Zelensky sugere que redução da ajuda militar ocidental visa pressionar Kiev
O Presidente ucraniano, Volodymyr Zelensky, sugeriu ontem que a redução da ajuda militar ocidental a Kiev este ano, em particular de defesa antiaérea, poderá ser uma medida para pressionar o país a negociar a paz com a Rússia.
Numa reunião com o Conselho Nacional de Segurança e Defesa, o líder ucraniano disse que desde o início de 2026 Kiev está a receber três vezes menos mísseis antibalísticos do que antes, o que dificulta a tarefa de se defender dos ataques russos.

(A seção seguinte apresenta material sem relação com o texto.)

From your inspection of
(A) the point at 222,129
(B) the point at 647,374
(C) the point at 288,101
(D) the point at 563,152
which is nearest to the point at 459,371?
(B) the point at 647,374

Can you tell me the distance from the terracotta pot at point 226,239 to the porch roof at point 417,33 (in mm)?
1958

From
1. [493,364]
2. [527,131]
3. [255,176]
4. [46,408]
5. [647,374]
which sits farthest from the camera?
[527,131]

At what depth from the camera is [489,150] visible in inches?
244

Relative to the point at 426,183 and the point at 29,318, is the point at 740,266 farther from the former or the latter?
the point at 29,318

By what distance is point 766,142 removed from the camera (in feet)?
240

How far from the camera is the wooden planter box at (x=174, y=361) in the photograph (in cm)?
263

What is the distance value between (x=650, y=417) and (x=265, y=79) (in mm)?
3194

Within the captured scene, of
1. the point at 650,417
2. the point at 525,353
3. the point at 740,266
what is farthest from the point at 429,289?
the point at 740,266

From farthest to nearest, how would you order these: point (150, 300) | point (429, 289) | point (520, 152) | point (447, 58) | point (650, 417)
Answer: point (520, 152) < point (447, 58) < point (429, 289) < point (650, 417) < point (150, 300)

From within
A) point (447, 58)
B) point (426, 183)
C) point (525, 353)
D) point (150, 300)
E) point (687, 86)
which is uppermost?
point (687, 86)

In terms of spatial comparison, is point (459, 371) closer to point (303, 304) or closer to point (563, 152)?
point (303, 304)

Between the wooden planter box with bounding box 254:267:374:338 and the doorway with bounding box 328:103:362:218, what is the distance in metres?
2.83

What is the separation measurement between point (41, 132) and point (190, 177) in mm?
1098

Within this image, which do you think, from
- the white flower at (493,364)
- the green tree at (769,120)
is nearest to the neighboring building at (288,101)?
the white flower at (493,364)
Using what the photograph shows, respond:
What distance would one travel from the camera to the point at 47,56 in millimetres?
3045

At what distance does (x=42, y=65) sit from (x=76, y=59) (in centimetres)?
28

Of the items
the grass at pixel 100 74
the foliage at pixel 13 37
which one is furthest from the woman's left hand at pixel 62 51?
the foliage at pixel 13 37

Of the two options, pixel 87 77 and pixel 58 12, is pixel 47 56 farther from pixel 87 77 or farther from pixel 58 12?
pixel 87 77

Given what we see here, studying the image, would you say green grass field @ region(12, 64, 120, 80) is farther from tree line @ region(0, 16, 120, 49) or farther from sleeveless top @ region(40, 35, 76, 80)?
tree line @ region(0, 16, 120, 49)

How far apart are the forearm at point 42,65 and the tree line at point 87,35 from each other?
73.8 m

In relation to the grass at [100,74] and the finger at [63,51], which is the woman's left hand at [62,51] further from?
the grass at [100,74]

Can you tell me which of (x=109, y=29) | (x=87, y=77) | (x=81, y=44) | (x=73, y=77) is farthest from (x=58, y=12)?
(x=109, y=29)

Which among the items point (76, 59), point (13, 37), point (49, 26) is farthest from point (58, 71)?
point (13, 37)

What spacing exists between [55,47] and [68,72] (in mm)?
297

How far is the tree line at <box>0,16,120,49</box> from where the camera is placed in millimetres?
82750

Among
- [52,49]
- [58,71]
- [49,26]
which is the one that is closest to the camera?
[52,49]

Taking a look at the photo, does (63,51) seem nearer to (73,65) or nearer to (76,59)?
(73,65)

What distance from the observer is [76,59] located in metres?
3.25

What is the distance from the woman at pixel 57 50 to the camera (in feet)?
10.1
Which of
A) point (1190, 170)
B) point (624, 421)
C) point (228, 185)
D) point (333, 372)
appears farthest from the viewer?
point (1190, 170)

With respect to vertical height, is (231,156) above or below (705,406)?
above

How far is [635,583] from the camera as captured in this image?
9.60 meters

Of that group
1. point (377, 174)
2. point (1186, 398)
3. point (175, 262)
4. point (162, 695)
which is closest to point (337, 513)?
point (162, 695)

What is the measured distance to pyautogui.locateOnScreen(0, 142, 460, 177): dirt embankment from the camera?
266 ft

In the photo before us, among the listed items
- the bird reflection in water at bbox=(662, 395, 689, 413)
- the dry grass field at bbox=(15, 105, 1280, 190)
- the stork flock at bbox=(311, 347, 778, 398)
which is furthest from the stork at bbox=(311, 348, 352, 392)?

"Está relacionado com a guerra, ou seja, com as hostilidades e guerras no Médio Oriente. Pelo menos esta é a razão oficial que recebemos dos nossos aliados, principalmente dos Estados Unidos, e também dos nossos parceiros europeus", afirmou Zelensky em declarações citadas pela agência Ukrinform.
"Talvez se trate de medidas políticas para tornar a Ucrânia mais complacente. Na minha opinião, há algo disso", sugeriu o presidente.
Na reunião, Zelensky pediu aos Ministérios da Defesa e dos Negócios Estrangeiros que façam tudo o que for possível para convencer os aliados de Kiev a fornecerem mais munições para as defesas antiaéreas.
No sábado passado, a Força Aérea ucraniana informou que apenas um dos 27 mísseis balísticos lançados pela Rússia contra o país tinha sido derrubado, num ataque que deixou nove mortos em Kiev.
Hoje, os ataques noturnos russos causaram 17 mortos, sem que as defesas conseguissem derrubar qualquer um dos 24 mísseis balísticos usados.
Zelensky intensificou nos últimos dias os apelos aos seus aliados para que forneçam munições para defesas antiaéreas e na semana passada viajou para a Washington para discutir com o Presidente norte-americano, Donald Trump, a autorização para fabricar na Ucrânia mísseis para baterias Patriot.
Depois de inicialmente se ter mostrado recetivo a um acordo de fabrico, esta semana Trump levantou reservas sobre a transferência de tecnologia.
A Rússia invadiu a Ucrânia a 24 de fevereiro de 2022, com o argumento de proteger as minorias separatistas pró-russas no leste e "desnazificar" o país vizinho, independente desde 1991 - após a desagregação da antiga União Soviética - e que tem vindo a afastar-se do espaço de influência de Moscovo e a aproximar-se da Europa e do Ocidente.
No plano diplomático, a Rússia rejeitou até agora qualquer cessar-fogo prolongado e exige, para pôr fim ao conflito, que a Ucrânia lhe ceda pelo menos quatro regiões - Donetsk, Lugansk, Kherson e Zaporijia - além da península da Crimeia, anexada em 2014, e renuncie para sempre a aderir à NATO (Organização do Tratado do Atlântico-Norte, bloco de defesa ocidental).